**TASK STATEMENT**
The required output is the exact run of lines from the one bearing "Furniture Spring Sale" through the final line of the listing below, with the pictures removed.

SUPPLIED INFORMATION Block Start

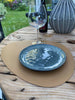 Tischset – Oval Camel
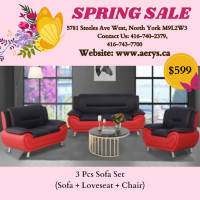Furniture Spring Sale on Sofa Sets and Sectionals!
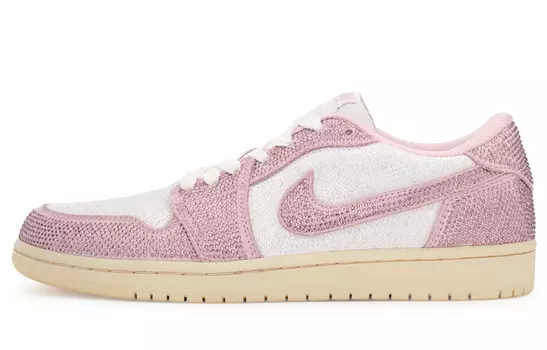 Jordan Air Jordan 1 Vintage Баскетбольные кроссовки унисекс, Chalk White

SUPPLIED INFORMATION Block End

**TASK OUTPUT**
Furniture Spring Sale on Sofa Sets and Sectionals!
 Jordan Air Jordan 1 Vintage Баскетбольные кроссовки унисекс, Chalk White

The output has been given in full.